Community gardens have been planted at parks, near schools and in abandoned lots. Some exist only in containers surrounded by asphalt.

Community gardens have been planted at parks, near schools and in abandoned lots. Some exist only in containers surrounded by asphalt.

If you're a Columbus resident looking to get involved, you likely can find one close to where you live.

Green Thumb Revolution wants to put one where you work.

Founded by friends and longtime dirt-lovers Katie Adams, Christine Annarino and Derek Lory, the start-up operation offers consulting services to local businesses that want to plan a workplace garden and encourage their employees to dig in.

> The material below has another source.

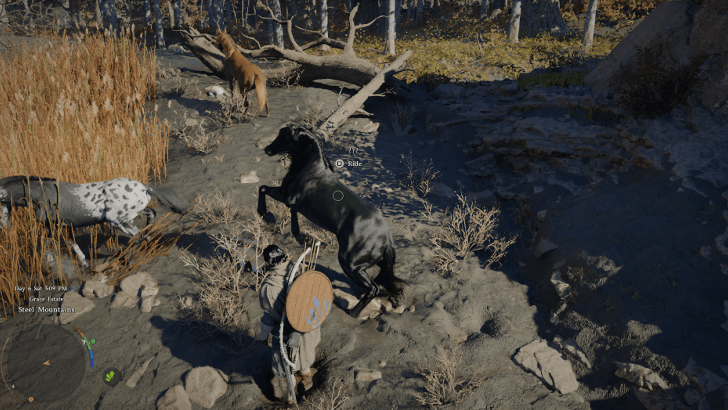 Rokade Overworld Location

"There's no shortage of community gardens in Columbus," Adams said. "But we're really going after the people who haven't been exposed to gardening."

Can't envision planting or harvesting at the office?

Picture a few decorative planters stuffed with potatoes instead of petunias. Think about the aroma of thyme or basil wafting in from a break-room window box. Imagine weeding a strawberry patch to build a team's rapport.

"A lot of companies have wellness programs," Annarino said, "but no one is focusing on the relaxation, exercise and nutritional information that come with gardening."

Even companies without sprawling lawns, planters or landscaped beds could produce edible plants, the three founders insisted.

"People feel like if they don't have any green space, they can't grow anything," Annarino said. "We're trying to dissuade that notion."

When tapped for services, the Green Thumb squad surveys a company's commitment level and assesses space and supply needs. It compiles all logistical information, diagrams a planting blueprint and returns to install the goods alongside company workers.

"With a business garden, it helps with initiative," Annarino said. "At work, it's there in your face - and it's time outside."

After the garden's in, Green Thumb members give an educational seminar about the crops and provide tip sheets that cover everything from maintenance to harvesting.

Adams, Lory and Annarino have worked for years with neighborhood projects - and think that workplace gardening will attract many who wouldn't join a community plot.

"I think people are smart enough to comprehend the benefits of environmental issues," Lory said. "Sometimes you just get wrapped up in your own life."